Consider the standard approach to configuration management. The stodginess of the whole process of identifying the needed change, capturing its scope, estimating the new budget and schedule, writing it up in a Baseline Change Proposal, and getting that BCP approved by the appropriate stakeholders is the probably the single strongest reason that Agile/Scrum was developed in the first place. Think about that – the traditional approach to a major aspect of project management was so moribund that an entire adjunct specialty line of project management was developed, just so IT projects could get around it.
Okay, so how did it become so stodgy? Well, in the construction industry, a favorite tactic of sneaky contractors bidding on cost-plus type contracts is to place a bid that is known to be lower than what they think they need to complete the project. Then, once they win as the lowest bidder, they begin to process change notices and proposals in an attempt to fool the customer into raising the budget ceiling. That’s why the change control process became so highly scrutinized, and why the layers of review and approval were put in place, all appropriate for that industry. Apparently, the experts did not hail from the software industry, where the inability to process rapid changes in input and output functions, not to mention overall processing, often proves fatal to the organization’s ability to meet customer expectations. Add in the fact that cost-plus contracts are not quite as common in IT projects as they are in construction, and the possibility that some basic precepts of project management being introduced and codified that have little or nothing to do with best business practices in disparate industries becomes near-certainty.

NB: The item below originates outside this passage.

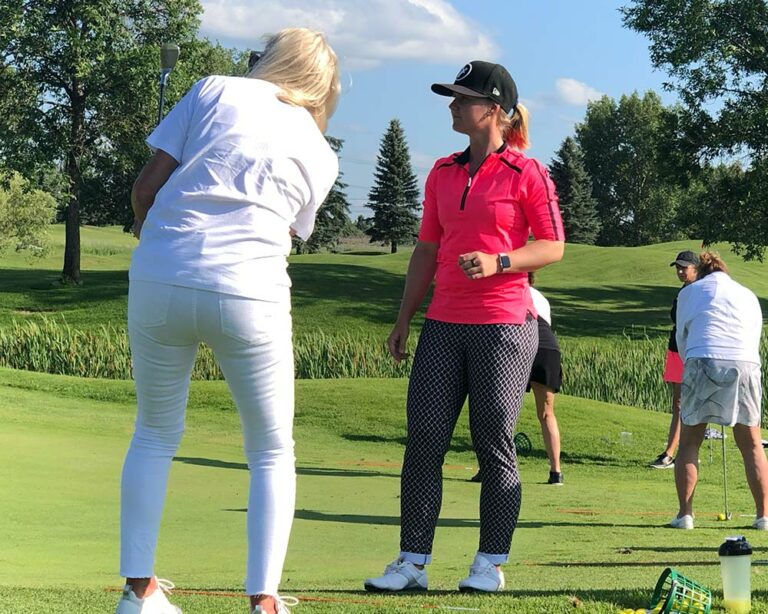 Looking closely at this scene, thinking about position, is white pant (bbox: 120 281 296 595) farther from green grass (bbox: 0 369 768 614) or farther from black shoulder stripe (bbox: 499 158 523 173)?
black shoulder stripe (bbox: 499 158 523 173)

Configuration management isn’t even the most egregious example of standard PM practices having a poor fit in the IT industry. Try performing a risk analysis based on a Monte Carlo simulation on an IT project to see what I mean.
What’s the remedy? I think IT project managers need to be fearless in their readiness to modify, or even abandon, many of the techniques associated with traditional project management, and to completely ignore PM experts from other fields who maintain that they are not “doing” PM properly. In this regard, I may be making PM writer history – I’m actually advocating not adopting aspects of traditional project management!